Look, Person Driving Bus, this one isn't entirely your fault, but since you're ostensibly in charge of your bus, I'm going to have to blame you.  Today was kind of chilly, kind of rainy, and kind of dark (thanks to daylight savings), and I was really excited to see you come down the street so I could hop on and get the fuck home from work.  However, you didn't stop.  You did slow and almost come to a stop like a giant fucking tease, but instead, you kept going much to our dismay.  I'm not sure why you even bothered pretending like you were going to stop.  All that did was get our hopes up and ultimately piss us off.  I mean, we'd still be pissed if you didn't slow down and just kept speeding passed us.  But at least we wouldn't have had our hopes dashed.  I think you didn't stop because your bus was packed and, theoretically, there was no room to let anyone else on the bus.  The only issue I have with this is that your bus wasn't actually packed.  Sure, the area surrounding the fare machine was mobbed.  There was like fourteen people crammed into a four foot square right by the door for no reason whatsoever.  The back of the bus, however, was actually pretty empty.  In fact, if all those assholes standing by the door moved into the back of the bus like they're supposed to, or at least spread out, you'd have noticed that there was plenty of room in your bus and could have picked up the three fucking people that were waiting.  But no.. you didn't know your bus was half-empty and so you just kept on going.  Awesome.  I'm so glad those lazy fucking people who wouldn't move past the front of the bus clouded your judgment and prevented me from catching my bus today.
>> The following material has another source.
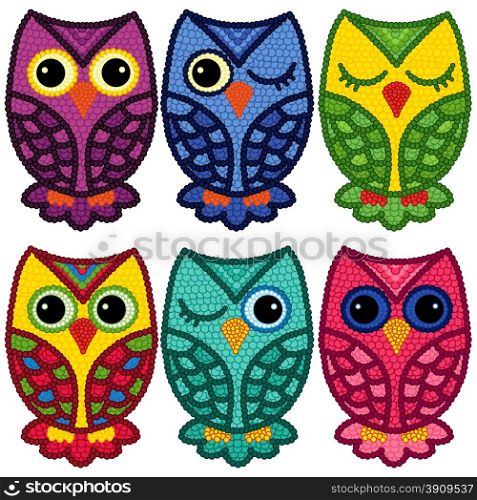 Set of six motley funny owls with circle elements isolated over white background, cartoon vector illustration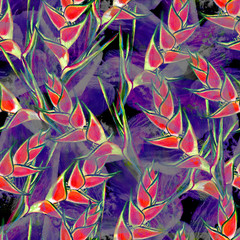Seamless floral tropical pattern. Hand painted watercolor exotic heliconia flowers on abstract violet and black background. Textile design.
Wednesday, November 3, 2010

Dear Person Wearing Cologne:

Holy shit.  How much fucking cologne were you wearing?  Naturally, I was on the bus, so I had zero fresh air and nowhere to turn.  I don't even know which asshole you actually were.  I kept looking around trying to figure out where that cloud of cologne was coming from, but I couldn't figure it out.  I felt like I was living in an unfortunate Stetson advertisement.  Either that or another one of those ridiculous MBTA chemical attack/gas leak drills.  I am not exaggerating even a little when I say that my eyes were watering and my throat was itching and burning.  I even tried covering my mouth and nose with the sleeve of my jacket in an attempt to breathe somewhat normally.  This did not help.  Fortunately I wasn't the only one suffocating under the fumes of your scent.  I noticed a few other people who were also visibly uncomfortable trying to figure out which asshole reeked.  I mean, how does that not bother you?  You have to smell yourself allllll day long.  And trust me, its not pleasant.  If you think you smell good, you don't.  Maybe you didn't mean to use all that cologne.  Maybe you accidentally spilled like half the fucking bottle on yourself and didn't bother changing.  Or maybe you don't have a sense of smell and are unaware that you are slowly poisoning those around you.  I don't know.  Bur whatever it was, it sucked for the rest of us.  I think I'd almost rather smell BO than your obscene cologne simply because at least BO wouldn't physically interfere with my breathing.